THE hunt for the hit-and-run killer of disabled granddad Christopher Colegate has taken a significant step forward, police say.
Officers working to track down the driver, who left the 69-year-old pedestrian for dead on a Poole street six months ago, have released details of the type of car they believe was involved – a light-coloured VW Golf Mark 4.
They’ve also issued an increased £10,000 reward in a bid to bring the killer to justice, and made public CCTV footage of Mr Colegate, captured just seconds before the fatal collision at the junction of Darby’s Lane and Heath Avenue.
Mr Colegate, from Poole, suffered multiple injuries after being struck on Friday December 13, last year.
Police were alerted by a member of the public at 7.25pm. Mr Colegate, who walked with a distinctive stoop and used a stick, died of his injuries later in Poole Hospital.

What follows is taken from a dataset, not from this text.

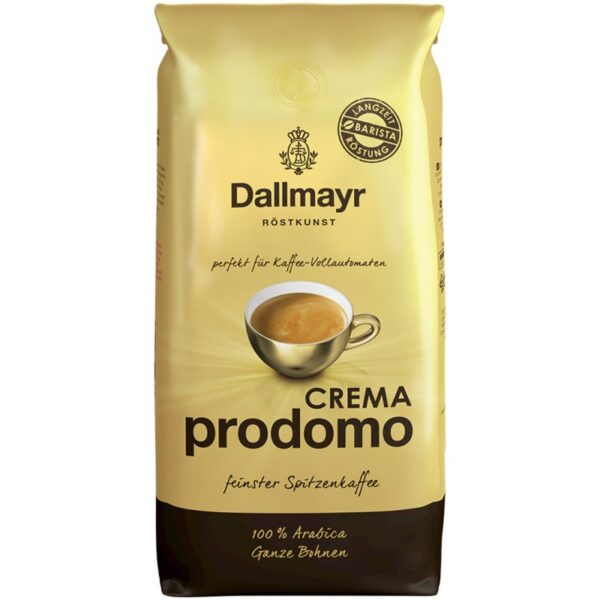 dallmayr crema prodomo zrnkova kava 1 kg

Following the latest development, Mr Colegate’s daughter Tash Motton said: “We need justice for dad because he didn’t deserve this.”

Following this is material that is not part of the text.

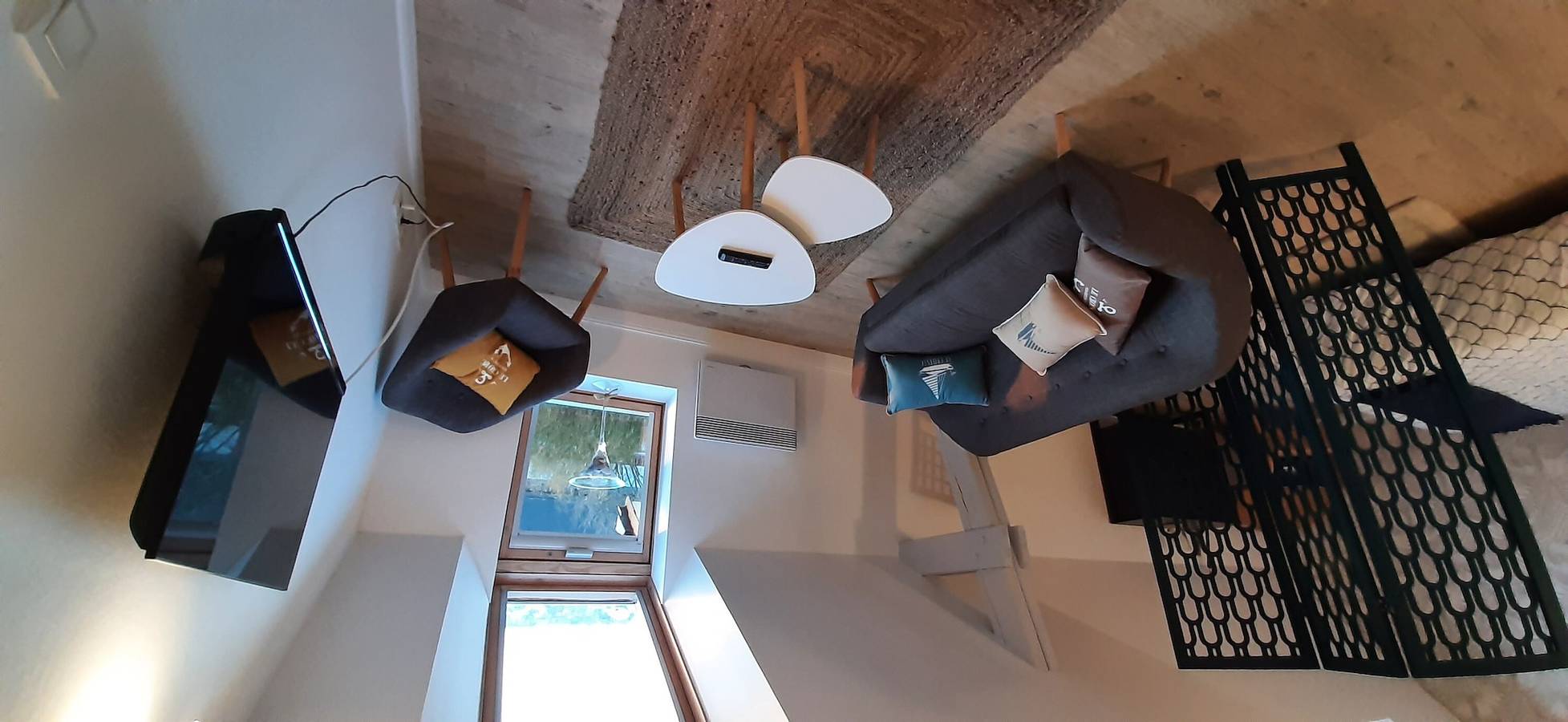 Apartamento entero, Plein sud, a pie de playa con piscina, terraza y acceso directo al mar in Le Croisic, Côte de Jade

She’s also desperate to prevent another potential tragedy. “If they can do it once and think they’ve got away with it,” she said, “they could quite easily do this again to someone else’s family.”
Oakdale Conservative Club, where Mr Colegate was heading for when he was mowed down, has also offered an additional £1,000 for information.
Dorset Police Sergeant Stuart Pitman said: “Six months have now passed since this tragic incident that happened, two weeks before Christmas, when Mr Chris Colegate was run down by a vehicle in Heath Avenue and left for dead.
“Over the last six months the investigation team has been working tirelessly, seeking expert opinion, visiting various vehicles and persons to eliminate them from the investigation.”
‘So difficult for us all to adjust’
“IN A heartbeat, our lives changed forever.”
Those are the words of Chris Colegate’s daughter Tash Motton almost six months to the day after her father was killed by a callous hit and run driver who left him dying in the road.
She said “someone has to know” who is responsible for the death of Mr Colgate, a frail pensioner who walked using a stick.
“This driver might have told someone else what they have done,” she said.
“That means it’s a burden for someone else. I understand how hard it must be to make the decision to tell the police if it’s a loved one who has done this. But that means the second person is part of this crime too.”
Mr Colegate had been married to wife Freda for almost 48 years before his death last December.
“It’s been so difficult for all of us to adjust,” said Tash.
“He was a mad Arsenal fan, and he wasn’t there to see them win the FA Cup this year. It felt like they lifted the trophy for dad.”